<<<<

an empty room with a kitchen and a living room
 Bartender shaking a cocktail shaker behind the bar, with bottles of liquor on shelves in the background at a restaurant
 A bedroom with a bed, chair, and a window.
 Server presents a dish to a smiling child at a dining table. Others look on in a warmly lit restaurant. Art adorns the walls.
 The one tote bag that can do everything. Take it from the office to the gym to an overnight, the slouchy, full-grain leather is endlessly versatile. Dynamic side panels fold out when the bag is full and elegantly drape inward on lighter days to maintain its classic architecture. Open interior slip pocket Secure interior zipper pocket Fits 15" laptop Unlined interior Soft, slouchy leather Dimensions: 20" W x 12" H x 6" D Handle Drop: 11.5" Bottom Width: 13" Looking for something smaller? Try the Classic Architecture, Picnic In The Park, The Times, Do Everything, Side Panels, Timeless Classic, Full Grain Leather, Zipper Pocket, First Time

>>>>

*What you need to do*.
Could you write out all the entries word for word?

*Your solution*.
an empty room with a kitchen and a living room
 Bartender shaking a cocktail shaker behind the bar, with bottles of liquor on shelves in the background at a restaurant
 A bedroom with a bed, chair, and a window.
 Server presents a dish to a smiling child at a dining table. Others look on in a warmly lit restaurant. Art adorns the walls.
 The one tote bag that can do everything. Take it from the office to the gym to an overnight, the slouchy, full-grain leather is endlessly versatile. Dynamic side panels fold out when the bag is full and elegantly drape inward on lighter days to maintain its classic architecture. Open interior slip pocket Secure interior zipper pocket Fits 15" laptop Unlined interior Soft, slouchy leather Dimensions: 20" W x 12" H x 6" D Handle Drop: 11.5" Bottom Width: 13" Looking for something smaller? Try the Classic Architecture, Picnic In The Park, The Times, Do Everything, Side Panels, Timeless Classic, Full Grain Leather, Zipper Pocket, First Time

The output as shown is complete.